処刑翌日の「日本経済新聞」を閲覧したところ、次のように花山のコメントが紹介されていた。「(東条は)天皇、政府、戦争などについて彼の意見をまとめた2つの遺書を残している。東條は自分の墓石の裏に碑文を刻んでくれと頼んでいるが、その内容は今明かすわけにはいかない」。
その3年半後、本誌に掲載されたわけだが、52年5月というのはサンフランシスコ平和条約の発効(同年4月28日)直後。連合国による占領状態が終わり、日本が主権を回復したタイミングである。A級戦犯である東条の遺言は、まさにその機を待って初めて公開されたものだと記事中で説明されている。

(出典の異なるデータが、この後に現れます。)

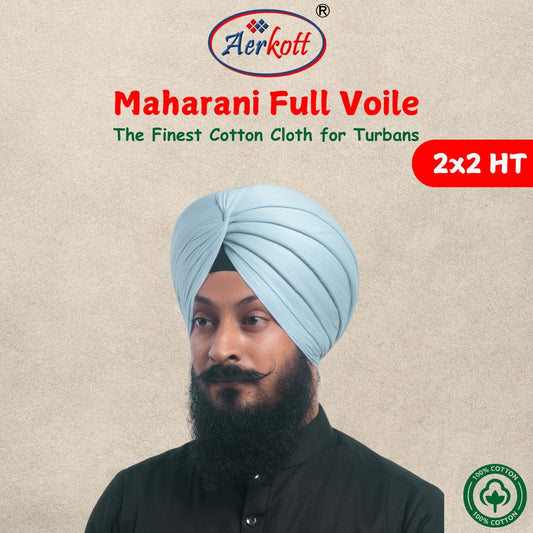Aerkott Maharani Full Voile - Sea_Blue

遺言の掲載に際しては、ダイヤモンド社からの依頼で、清瀬の書き残した文章を花山が再確認し、多少の修補添削が加えられたという。「文句や用語において多少の異同があることはご了承を願いたい。正文がまだ日本側の手元にない現在においては、今回のこの遺書が唯一のものであろう」と花山は記している(52年4月22日付)。正文に関しては結局、現在に至るまで見つかっていない。
東条は遺書の中で「戦の責任は死をもってしても贖い切れない。戦死した人々や遺族には相済まない」と語った後、「しかし、今回の戦争は侵略を目的としたものではなく、国際的には犯罪ではない。東京裁判は政治裁判である」「米国は無差別爆撃や原爆投下を大いに悔悟すべきである」と主張する。また、戦後の極東情勢に関して、「赤化の一大防壁を自ら壊したのは、米国は大きな失敗である」と断じ、日本と中国と朝鮮を戦場とした「第3次世界大戦は絶対避けられない」と予想する。その際、「日本が再軍備するときは、陸海軍一本の行動を取れる統帥権と組織を規定すべきである」などと言葉を遺している。
特集では、7人の戦犯処刑に立ち会った唯一の日本人でもある花山が、死刑執行までの東条の様子を克明に記したルポ、東条の弁護人として後に『秘録 東京裁判』(67年、読売新聞社刊)を著す清瀬による解説、さらには東条の妻、東条勝子の談話まで掲載されている。貴重な歴史的資料といえる花山の手記なども、いずれかの機会に紹介したい。(文中敬称略)(ダイヤモンド編集部論説委員 深澤 献)
東京裁判は政治裁判
ただ力の前に屈服した
開戦当初の責任者として敗戦の跡を見ると、実に断腸の思いがする。今回の刑死は、個人的には慰められておるが、国内的の自らの責任は、死をもって贖えるものではない。(注:東条大将の歌に「身はたとへ千々にさくとも及ばじな、栄えし御代に墜せしわれは」というのがある――以下、注は全て掲載当時に清瀬一郎が書き加えたもの)
しかし国際的の犯罪としては、無罪を主張した。いまも同感である。(注:開戦は自衛権の行使である。戦争目的は東亜同胞を解放し、共栄圏を設立するに在り、侵略目的ではなかったとの意であると解する)
ただ力の前に屈服した。
自分としては国民に対する責任を負って、満足して刑場に行く。ただこれにつき、同僚に責任を及ぼしたこと、また下級者にまでも刑が及んだことは実に残念である。天皇陛下に対し、また国民に対しても申し訳ないことで、深く謝罪する。
元来、日本の軍隊は、陛下の仁慈の御志により行動すべきものであったが、一部過ちを犯し、世界の誤解を受けたのは遺憾であった。